Open Access Dissertation

Degree Name

Doctor of Philosophy (PhD)

Department

Teacher Education

Committee Member

Dr. Valerie Polakow, Chair

Committee Member

Dr. Sarah Ginsberg

Committee Member

Dr. Sylvia Jones

Committee Member

Dr. Christopher Robbins

Abstract

This phenomenological study explored adolescent perceptions of affirming and disaffirming relational encounters within the school setting. The meanings students constructed about their interpersonal experiences with teachers, counselors, and support staff were examined in relation to Buber’s existential I-Thou relational encounter. In addition to the work of phenomenological philosopher Merleau-Ponty, existential educators Maxine Greene and Donald Vandenberg and the writings of relational- and care-oriented educators such as Nel Noddings also informed the conceptual framework of the study.

The voices of individual youth and how they perceive, attach meaning to, and integrate relational encounters into their understandings of the world around them are scant in the educational literature. Yet, as a social encounter, school is first and foremost a lived relational experience of consequence. The purpose of this dissertation, therefore, was to explore these lived experiences, to add student voices to the extant literature on relationality, and to illuminate how such experiences might mediate the lives and perceptions of students in schools.

An attempt to understand the lived experiences and meanings of students in connection with relational encounters was sought through the interview process. The four phenomenological dimensions—the temporal, spatial, relational, and corporeal—were utilized to further refine how these experiences were understood and felt by individual participants. Participants’ narratives of their school memories and recollection of lived experiences formed the core data of the study.

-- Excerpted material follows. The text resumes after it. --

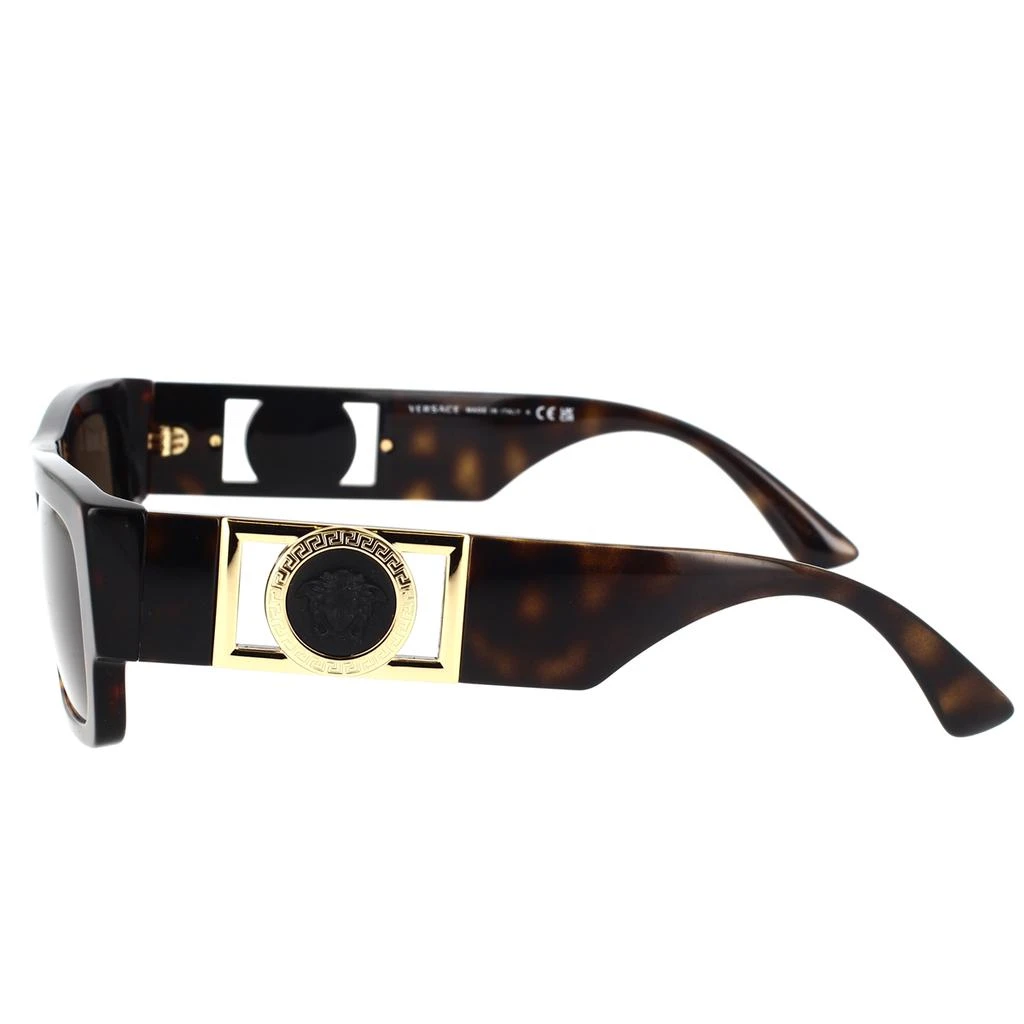 商品Versace|VERSACE Sunglasses,价格¥2022,第3张图片详细描述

Open-ended, semi-structured interviews were conducted with a diverse group of 18 male and female students in SE Michigan between February and May of 2013. A final group of ten diverse participants was selected to complete two total interviews lasting from 50-90 minutes. Interviews were transcribed, coded, and interpreted using a flexible blend of multilayered models for phenomenological analysis.

Significant themes emerged from participants’ narratives, each of which is suggestive of the degree to which encounters with relationality can transform student perceptions of alienation and marginalization within the school setting. Themes included a) the power of individual relationships, b) the perception of mattering and marginalization, c) the perception of active support, and d) the value of voice. Implications for both theory and practice are discussed.